Weirdly enough, the 2 or 3 positional returned parameters was broken for some time, until we fixed it on PR #1365. You can see the integration test for the 3 positional parameters return with the query
method here: https://github.com/googleapis/nodejs-bigquery/pull/1365/files#diff-5e68f218ffbdd4cae3bcb93aa62c0515f1fedff0f6c4fe40986d6ee9932b08a0R346
For question 2:
I'm going to investigate the timeout further here to make sure if is working properly. But to give more context, for jobTimeoutMs
: the jobs.query
endpoint basically does a job creation (or not with stateless queries) and get the query results on the same call. But sometimes that query job can take a longer time to run, which is where the timeoutMs
configuration comes in, where it controls how long you want to way for the query job to be done, before the client side has to fallback to jobs.getQueryResults
. And in that path, we are not allowed to control the BQ job timeout. The BQ Job timeout is how long do you want the job run before it is cancelled and this is not even precise, because as it's a distributed system, cancelling the query can take a bit longer than the configured timeout.
You can see details on jobTimeoutMs
here in the docs: https://cloud.google.com/bigquery/docs/reference/rest/v2/Job
and timeoutMs
for jobs.query
here: https://cloud.google.com/bigquery/docs/reference/rest/v2/jobs/query#queryrequest
But I'll investigate it here, because maybe the call to jobs.query
it's indeed getting timed out, but if auto pagination is on, we are fallback'ing to fetch the results using jobs.getQueryResults
. Which is a similar scenario that you reported that might be happening.
Thanks so much for the detailed/quick reply!
For question 1: ...
Got it, yeah I mostly wanted to understand exactly what types I should expect (i.e. are SimpleQueryRowsResponse
and QueryRowsResponse
both expected viable outputs I should handle).
One further question on this though, the types indicate QueryRowsResponse
will be returned if query
is a string, whereas SimpleQueryRowsResponse
is returned when query is a Query
object.
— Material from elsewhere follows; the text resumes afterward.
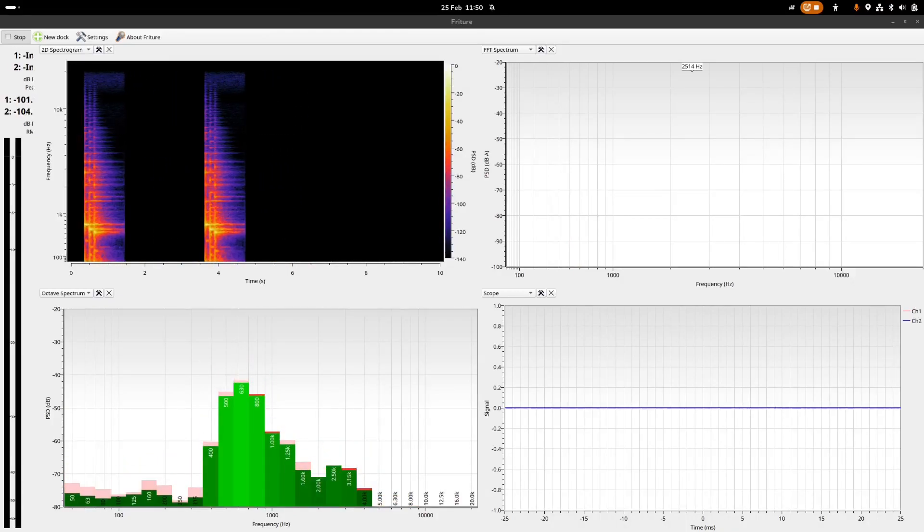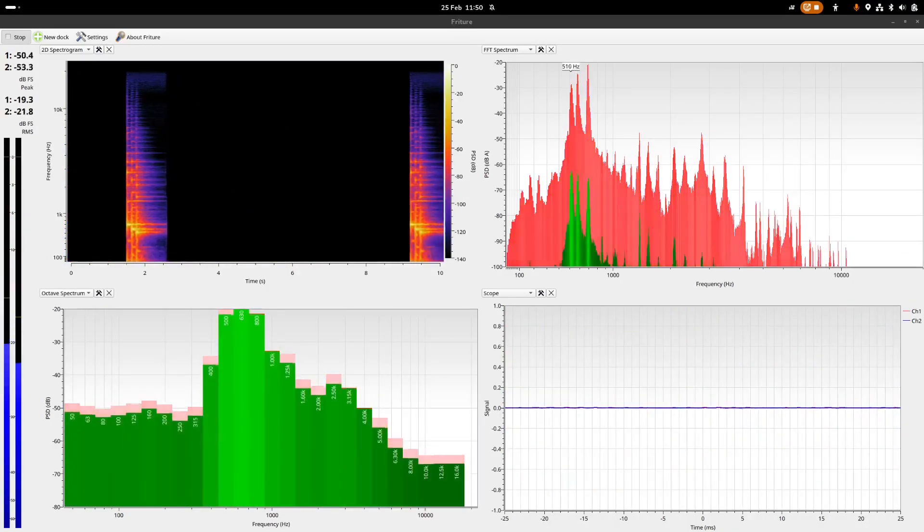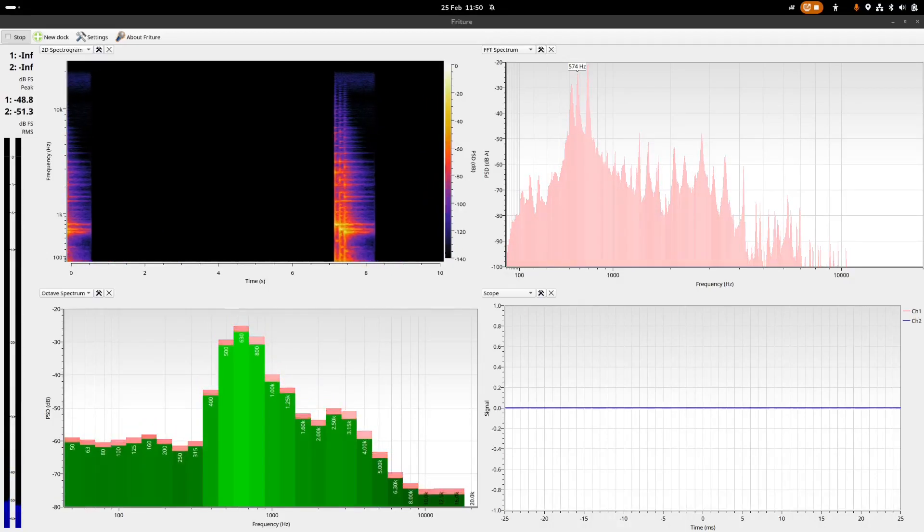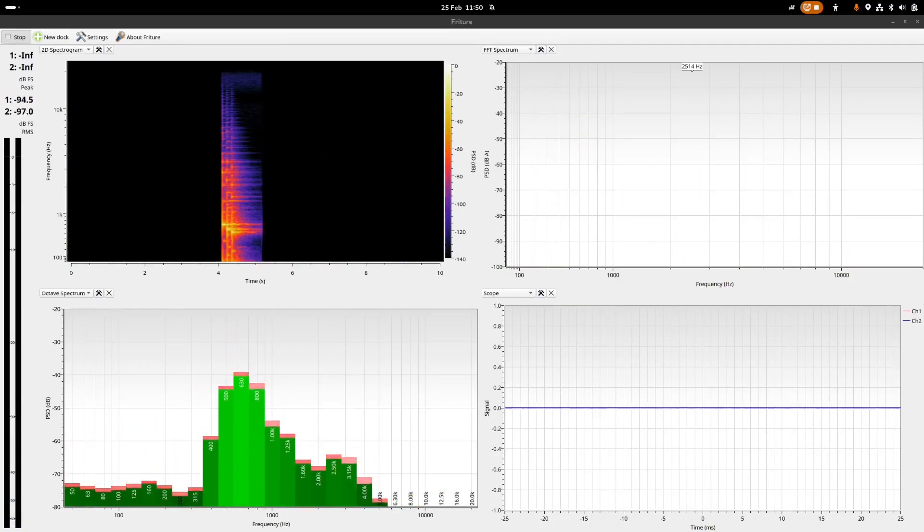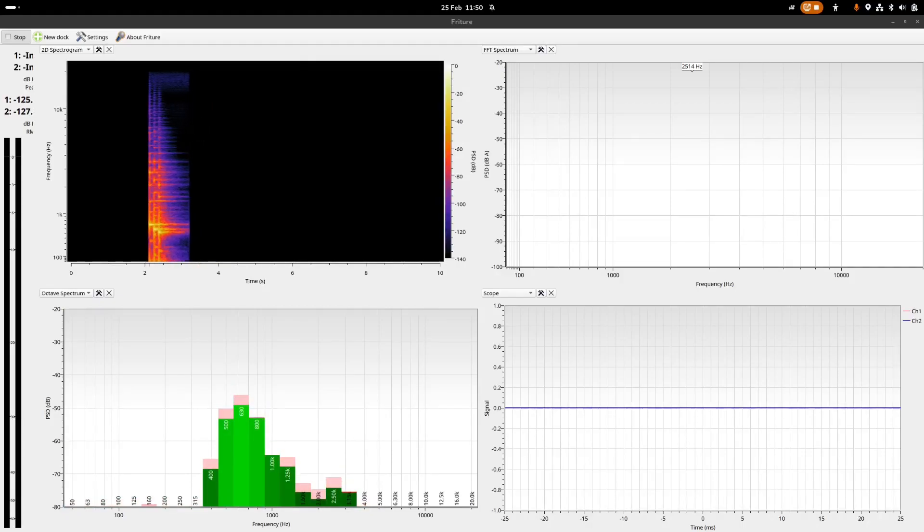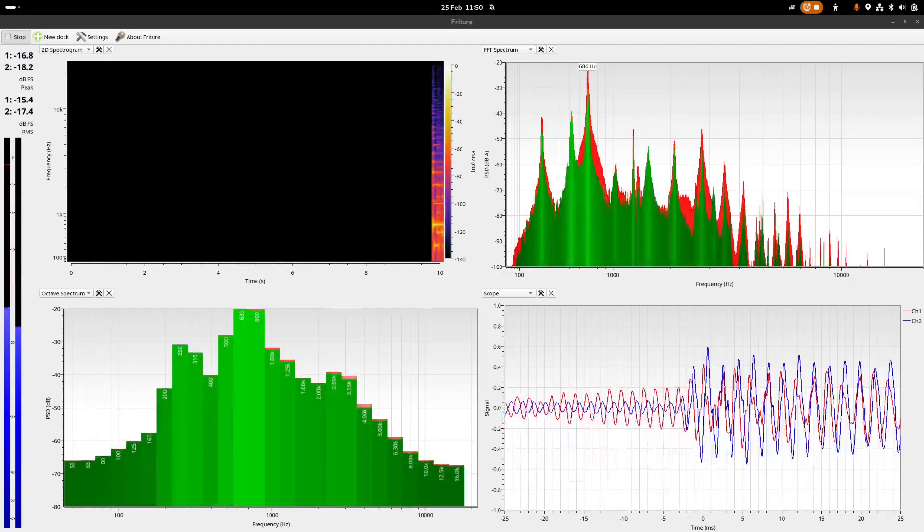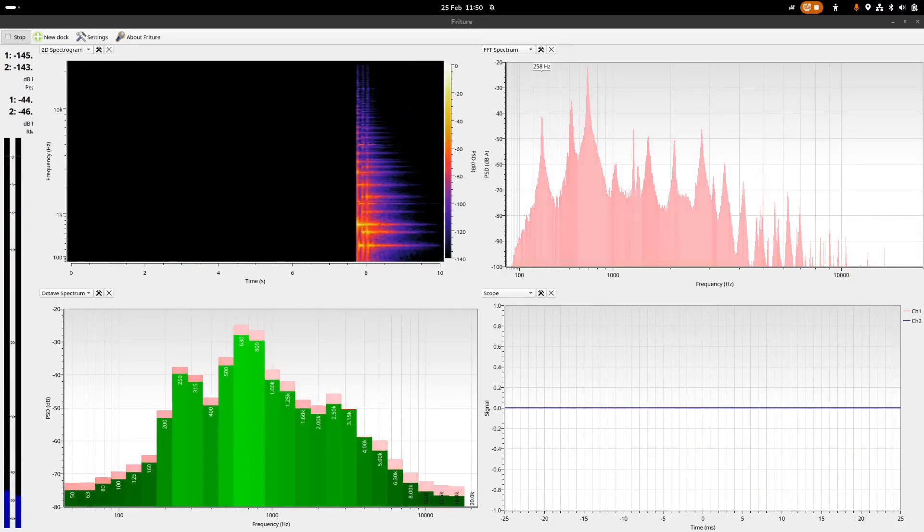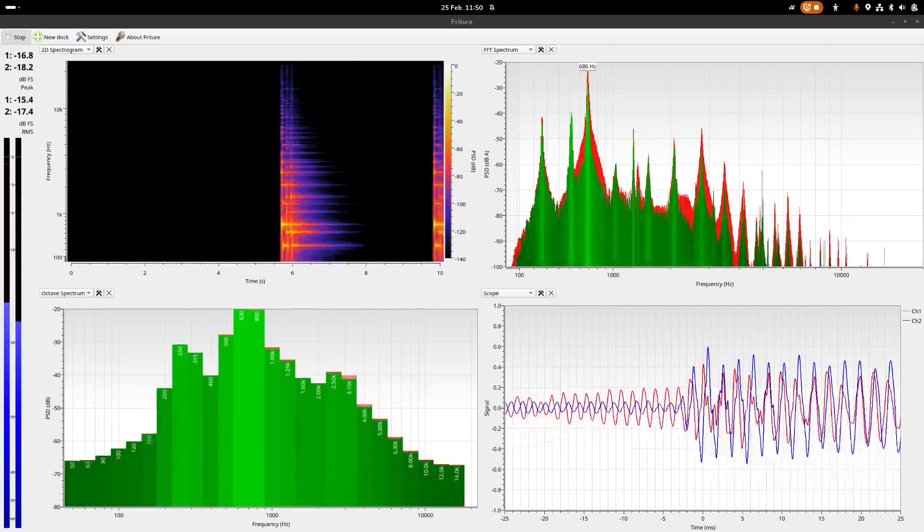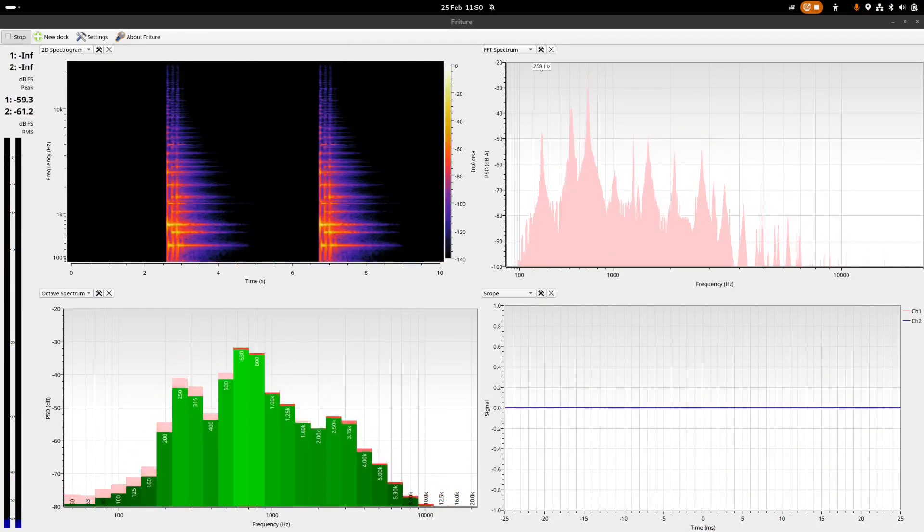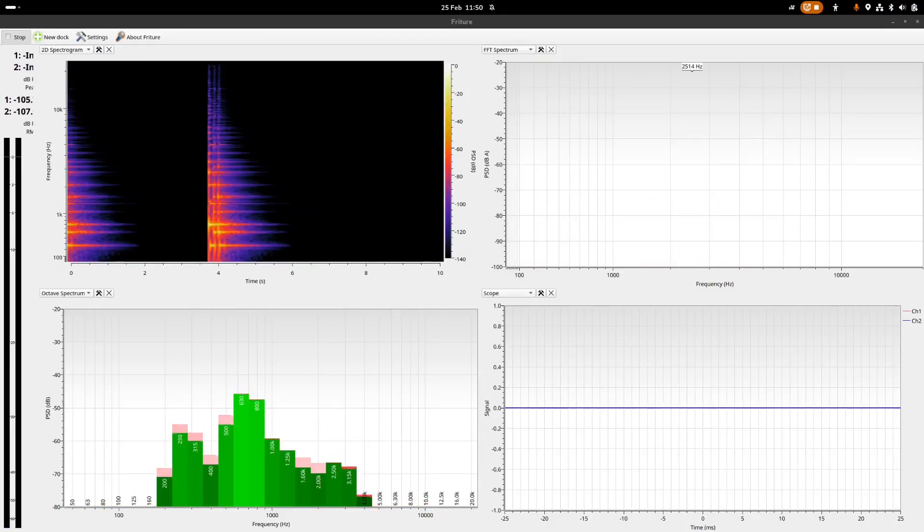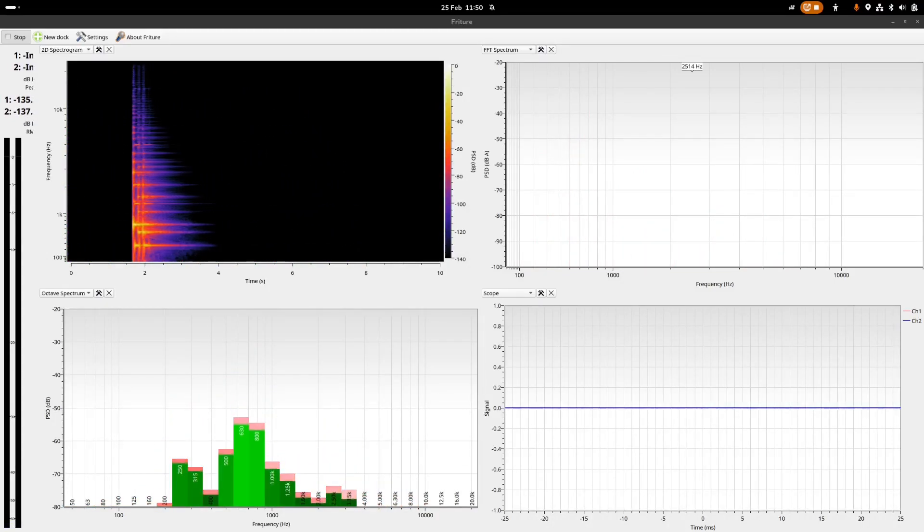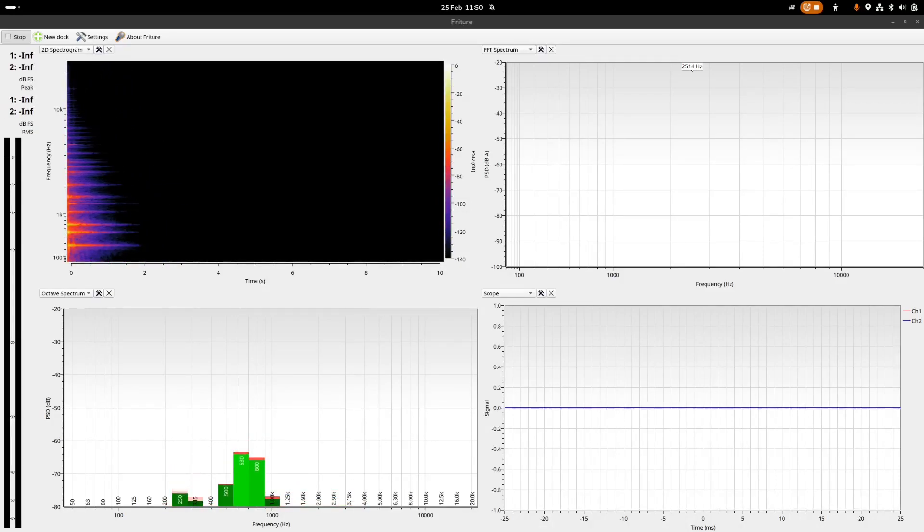On top of that they also have an urgent low which sounds like this. Now to me it sounds fairly similar to the previous one.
In my case, I'm passing in a Query
object but getting back 3 positional arguments (what seems to be a QueryRowsResponse
). So it's not just that the types are ambiguous, they seem to actually be incorrect from what I can tell.
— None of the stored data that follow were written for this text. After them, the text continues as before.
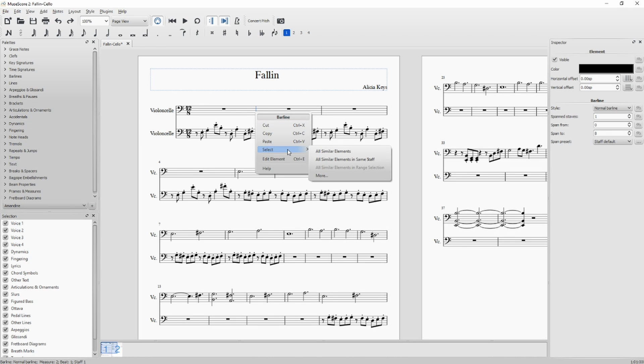Select all similar elements if you want to hide all the measure beams of your score, or all similar elements in the same staff. I will try this one to show you.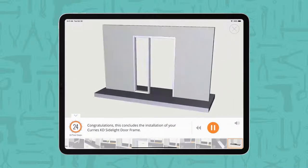Congratulations! This concludes the installation of your Curry's KD side light door frame.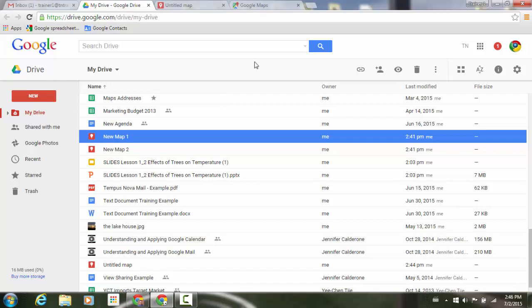And just a quick note, any of those Google Apps admins out there, you can turn on the My Map service on or off for their entire domain or specific OUs from within the admin console. And that will be found underneath Apps, Additional Google Services.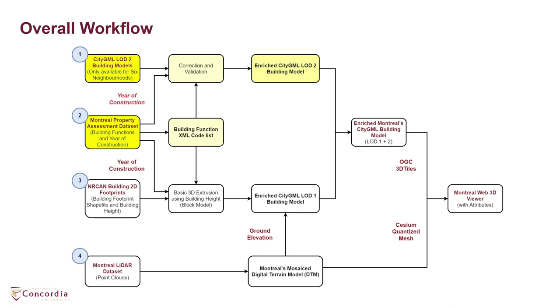For the remaining neighborhoods in Montreal that do not have a 3D city model, 2D building footprints with building height values provided as open data by NRCan are used to generate a basic 3D building block model. They are also enhanced with building function as well as the year of construction derived from Montreal's property assessment datasets and further converted to CityGML building model in level of detail 1.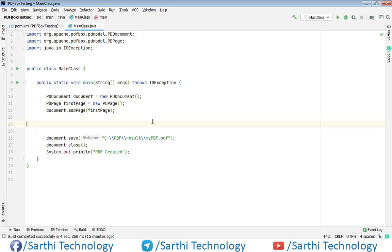Namaste friends. Welcome back to Sarathi Technology. In this video, we will learn how to create bullet list in PDF box.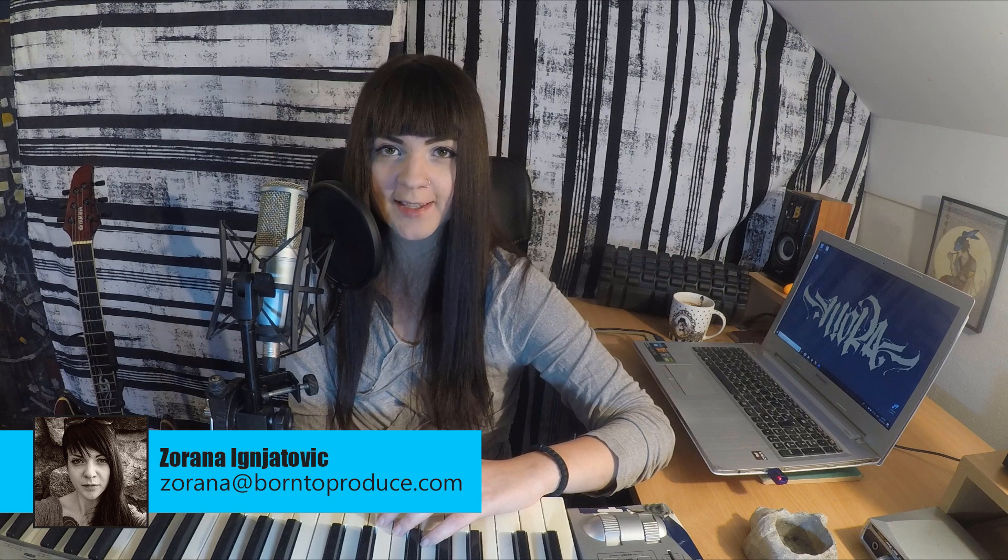Hey guys! Welcome to the new Born to Produce tutorial.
In general my goal is to log statistics about the query after running it, but it's very confusing figuring out where I should grab the information needed to lookup the job statistics. I currently settled on something like const [rows, poorlyTypedJob] = await client.query(queryObj, options)
, followed by const realJob = (poorlyTypedJob as any).job ?? poorlyTypedJob;
(since the types indicate poorlyTypedJob
will be IJob
, but in practice I'm seeing the job under poorlyTypedJob.job
). I don't feel comfortable using such a hack in production though, but maybe I can just cast the original response to SimpleQueryRowsResponse | QueryRowsResponse
(since you seem to be saying that's the expected return shape) and ensure I handle both of those correctly.
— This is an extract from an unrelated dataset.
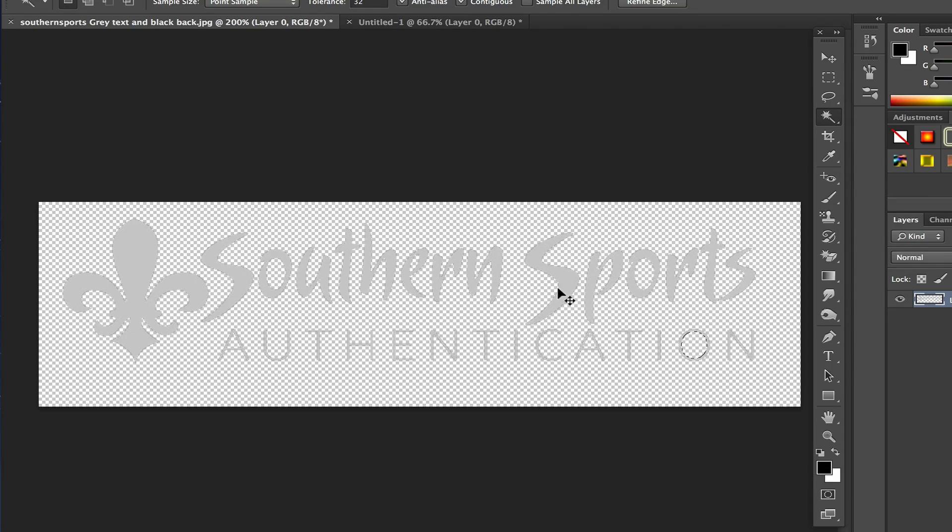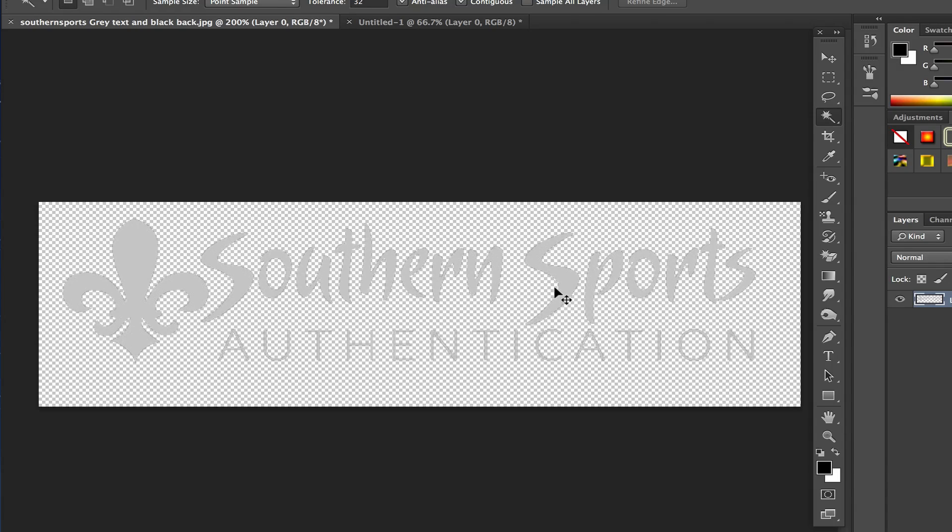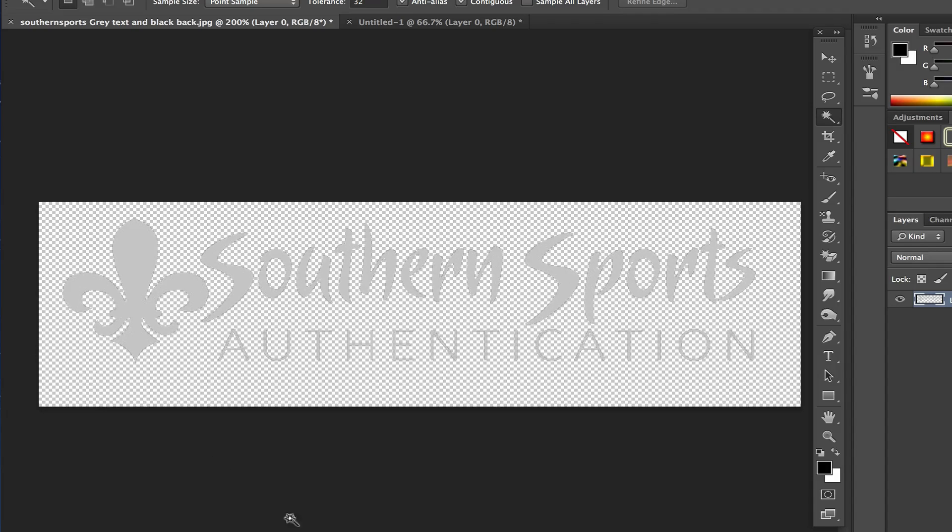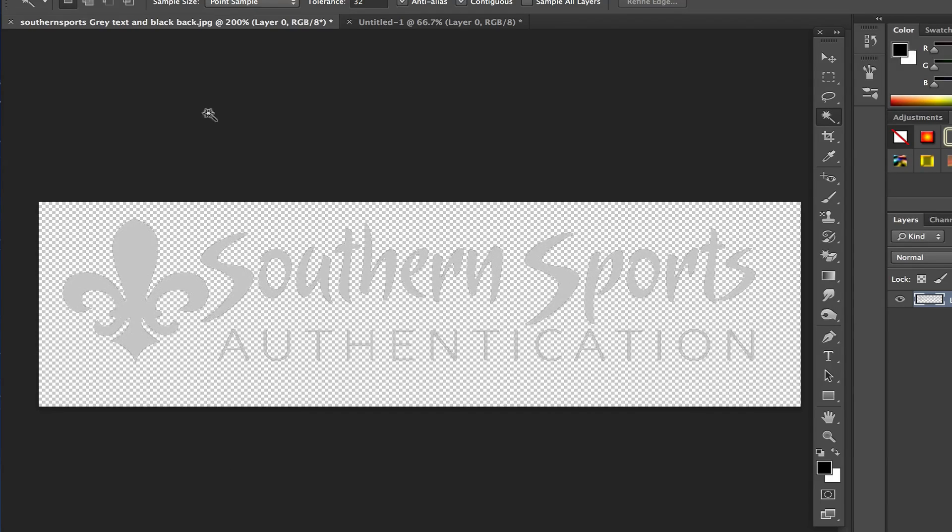A quick shortcut key in order to remove your selection is Command or Control D on a Mac, Control on a Windows, and then the D key on your keyboard, and it will deselect anything you have selected. Now that we have our logo with a nice transparent background, it's as easy as going up and moving this down here somewhere.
And in that path, we are not allowed to control the BQ job timeout.
Yeah my main concern is there's no way to control costs with this function (i.e. a runaway query could keep running for a while right?). But I guess this is independent of this driver, and more related to the underlying feature. I'm unsure why this would be still, but maybe because "it's a distributed system" it requires the overhead of a stateful job to do that?
But I'll investigate it here, because maybe the call to jobs.query it's indeed getting timed out, but if auto pagination is on, we are fallback'ing to fetch the results using jobs.getQueryResults. Which is a similar scenario that you reported that might be happening.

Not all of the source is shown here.